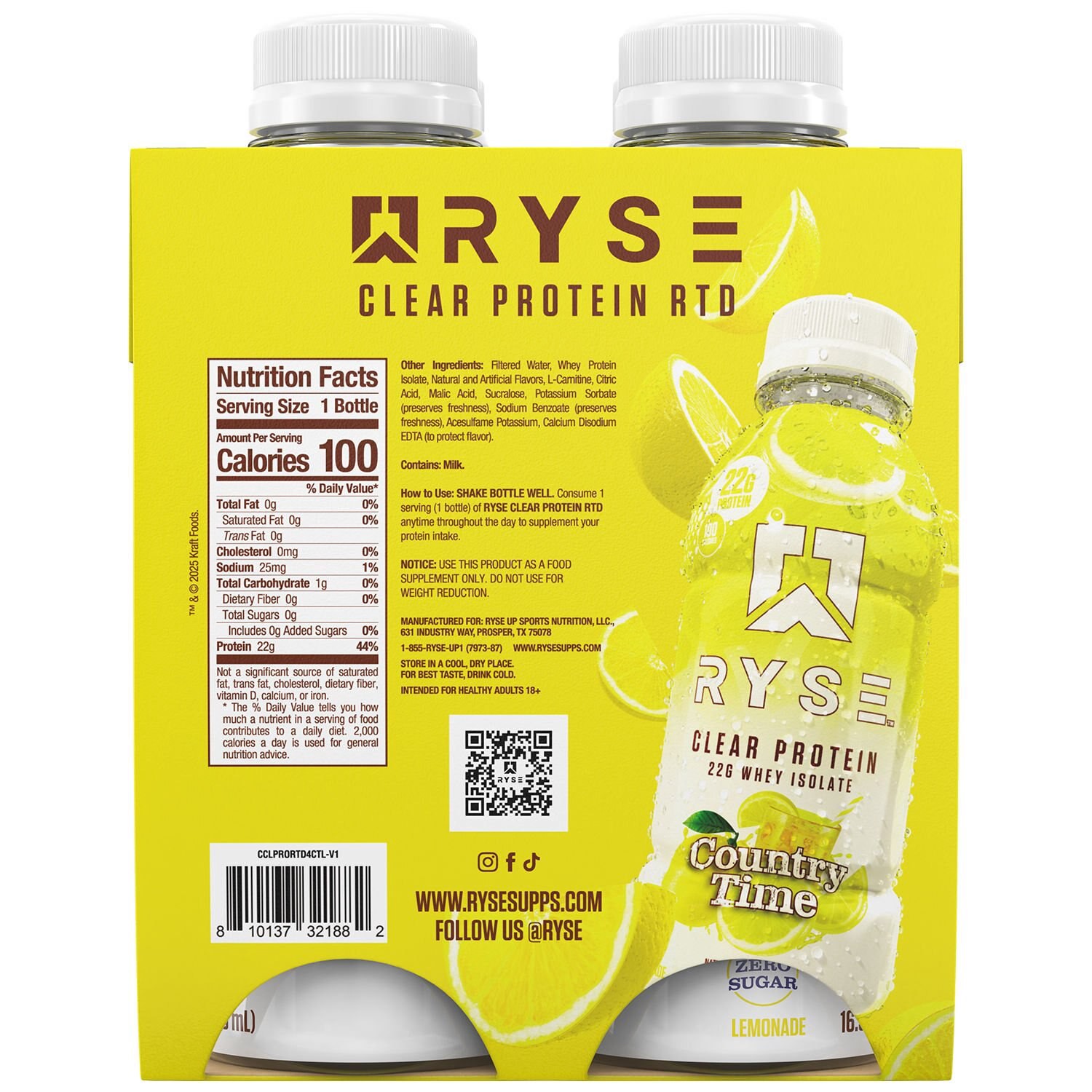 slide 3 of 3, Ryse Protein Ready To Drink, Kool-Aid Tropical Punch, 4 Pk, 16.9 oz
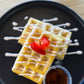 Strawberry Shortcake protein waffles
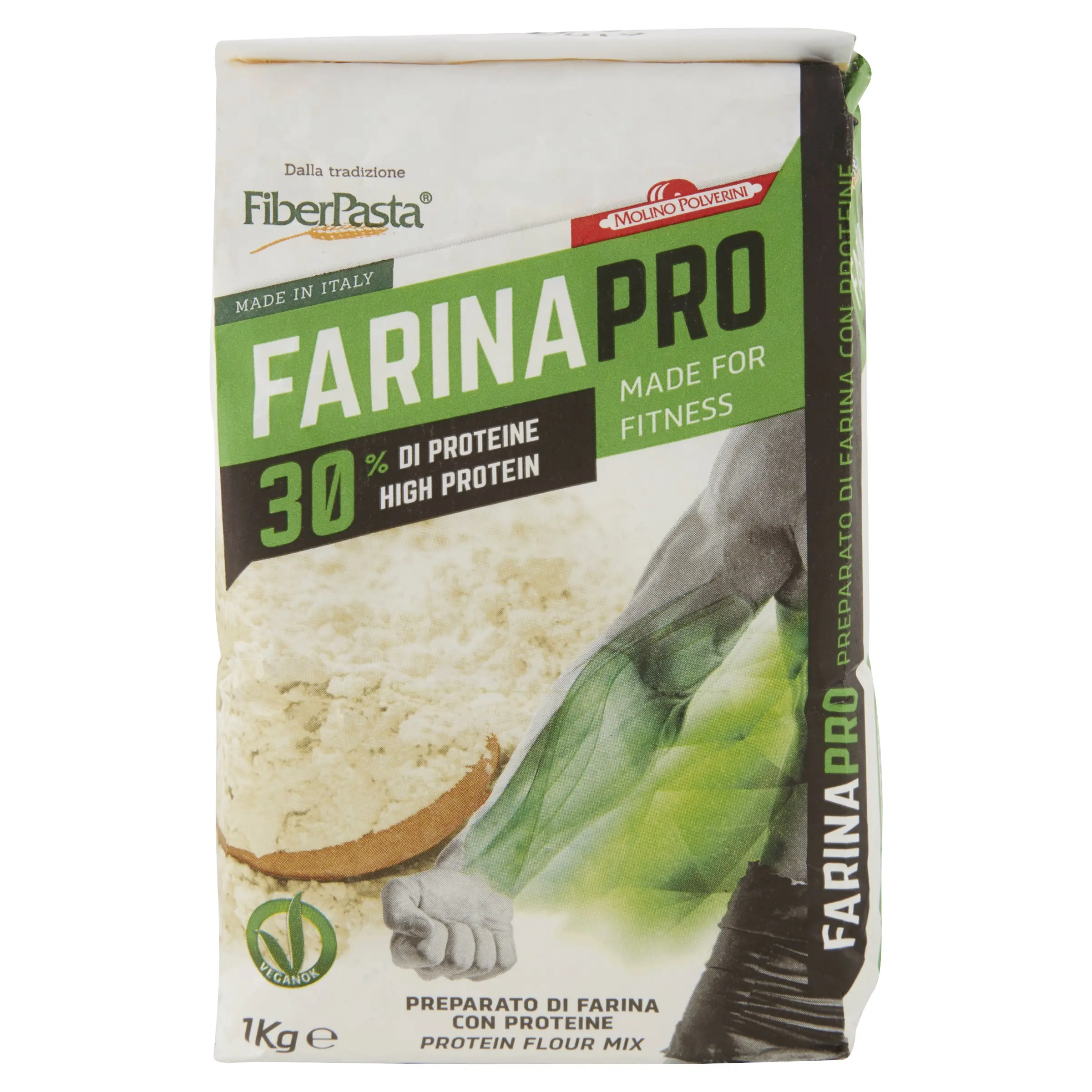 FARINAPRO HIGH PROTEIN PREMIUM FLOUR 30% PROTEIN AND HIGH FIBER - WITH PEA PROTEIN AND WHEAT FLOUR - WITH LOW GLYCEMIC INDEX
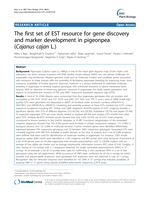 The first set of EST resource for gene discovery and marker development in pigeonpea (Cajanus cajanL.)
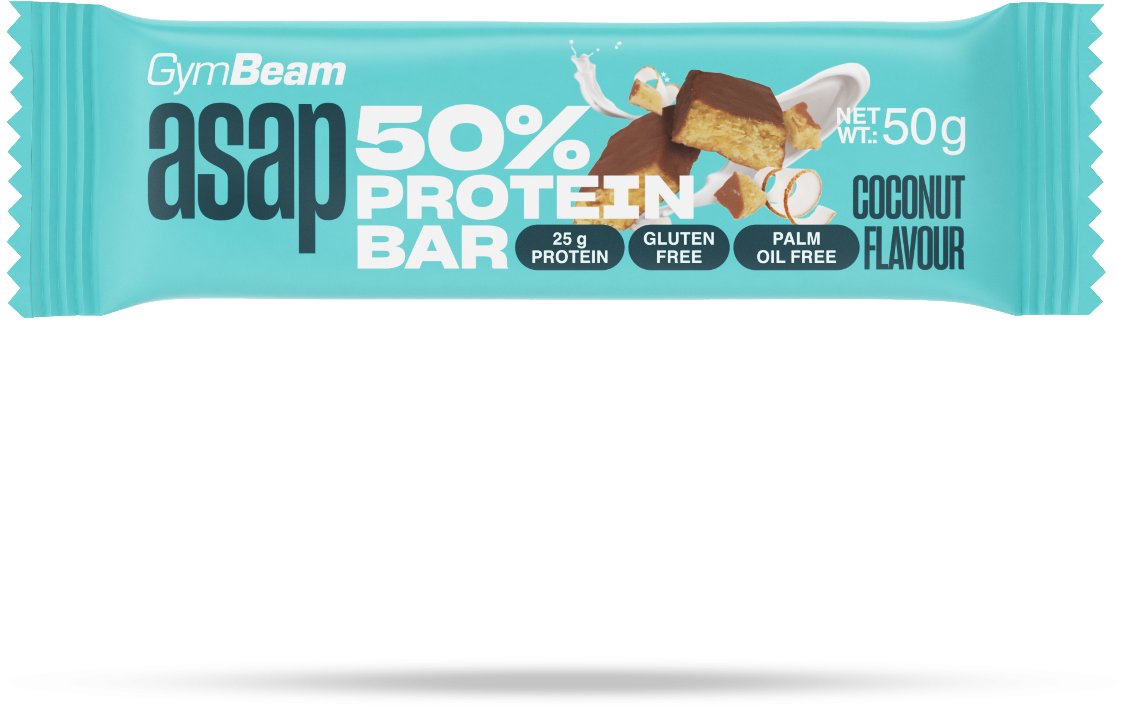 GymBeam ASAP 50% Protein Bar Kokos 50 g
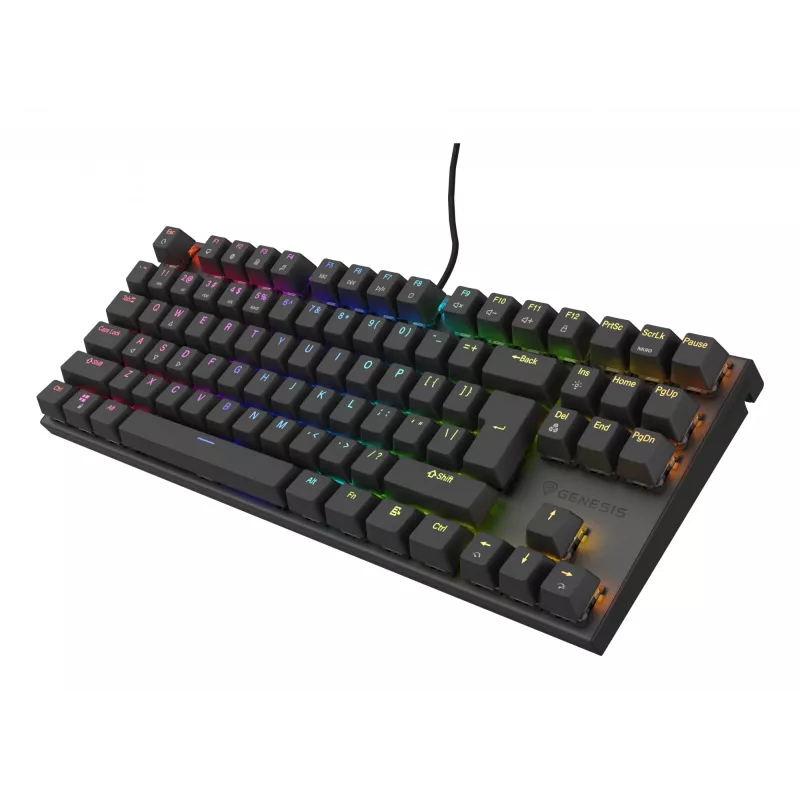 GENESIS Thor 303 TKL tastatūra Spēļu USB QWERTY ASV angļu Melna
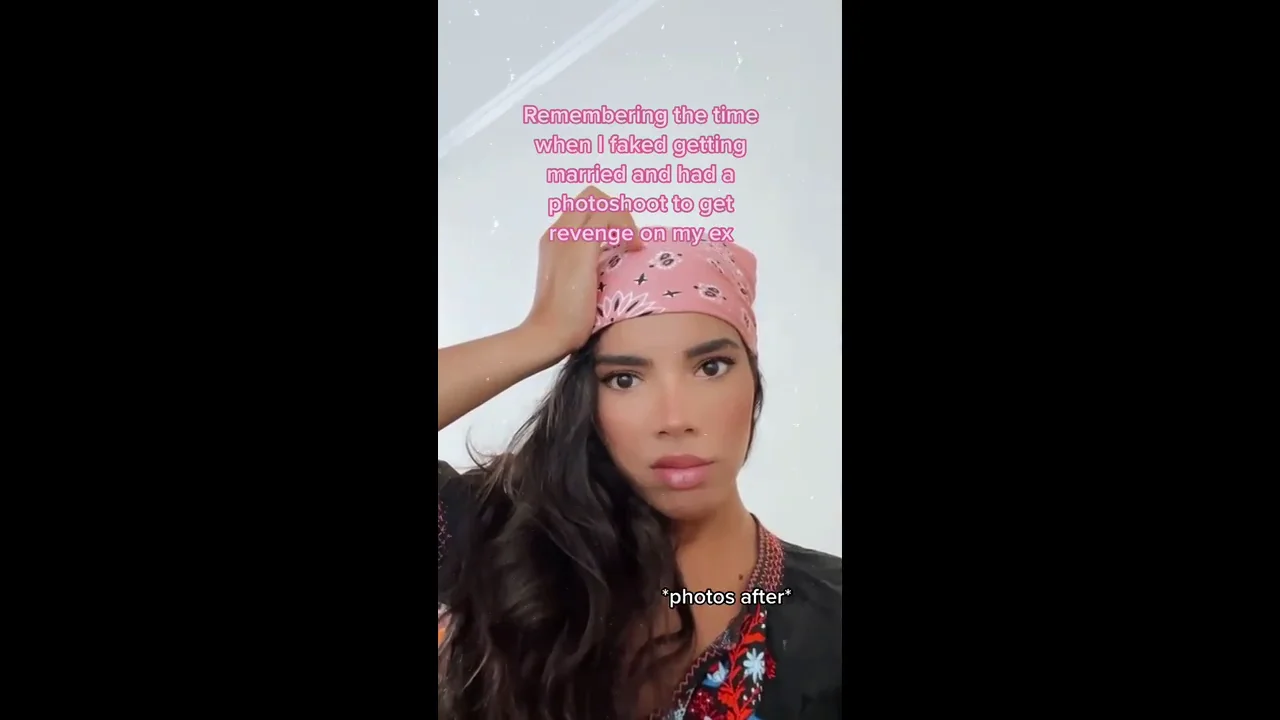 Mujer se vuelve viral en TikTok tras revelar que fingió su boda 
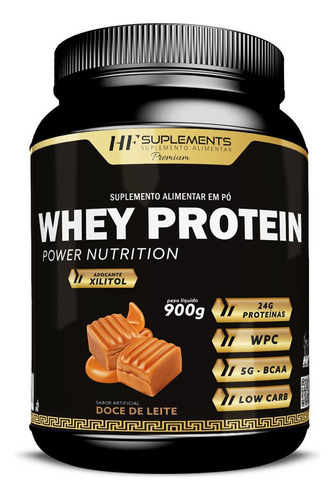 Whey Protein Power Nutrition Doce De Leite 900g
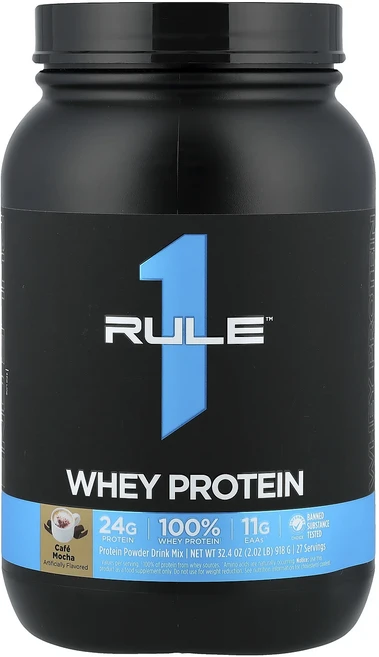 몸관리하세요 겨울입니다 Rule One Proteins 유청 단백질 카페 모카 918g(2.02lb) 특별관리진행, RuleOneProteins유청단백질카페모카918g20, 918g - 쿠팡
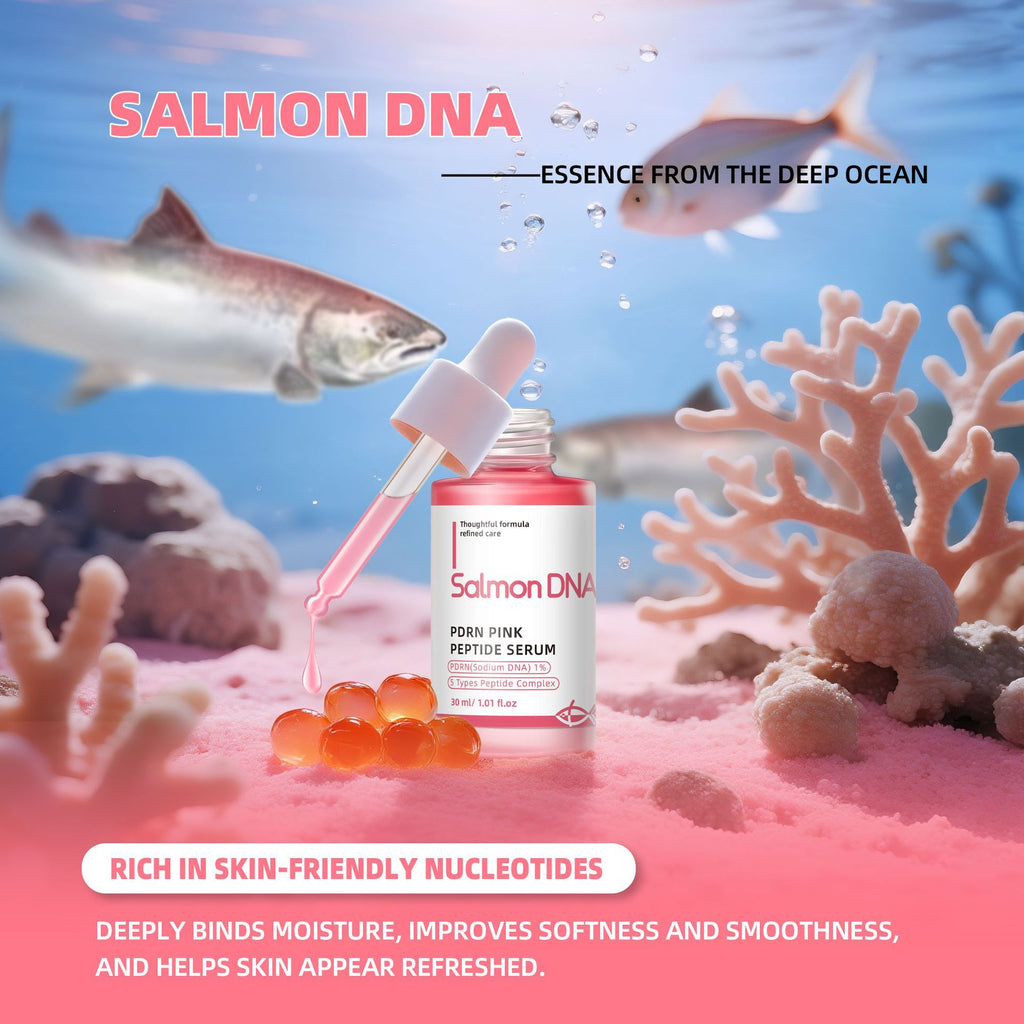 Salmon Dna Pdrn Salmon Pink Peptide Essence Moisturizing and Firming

• • •

▶ What you are asked to do: If an entry above contains a picture, leave that picture out and copy everything else exactly.

▶ Output for this exercise:
 slide 3 of 3, Ryse Protein Ready To Drink, Kool-Aid Tropical Punch, 4 Pk, 16.9 oz
 Strawberry Shortcake protein waffles
 FARINAPRO HIGH PROTEIN PREMIUM FLOUR 30% PROTEIN AND HIGH FIBER - WITH PEA PROTEIN AND WHEAT FLOUR - WITH LOW GLYCEMIC INDEX
 The first set of EST resource for gene discovery and marker development in pigeonpea (Cajanus cajanL.)
 GymBeam ASAP 50% Protein Bar Kokos 50 g
 GENESIS Thor 303 TKL tastatūra Spēļu USB QWERTY ASV angļu Melna
 Mujer se vuelve viral en TikTok tras revelar que fingió su boda 
 Whey Protein Power Nutrition Doce De Leite 900g
 몸관리하세요 겨울입니다 Rule One Proteins 유청 단백질 카페 모카 918g(2.02lb) 특별관리진행, RuleOneProteins유청단백질카페모카918g20, 918g - 쿠팡
 Salmon Dna Pdrn Salmon Pink Peptide Essence Moisturizing and Firming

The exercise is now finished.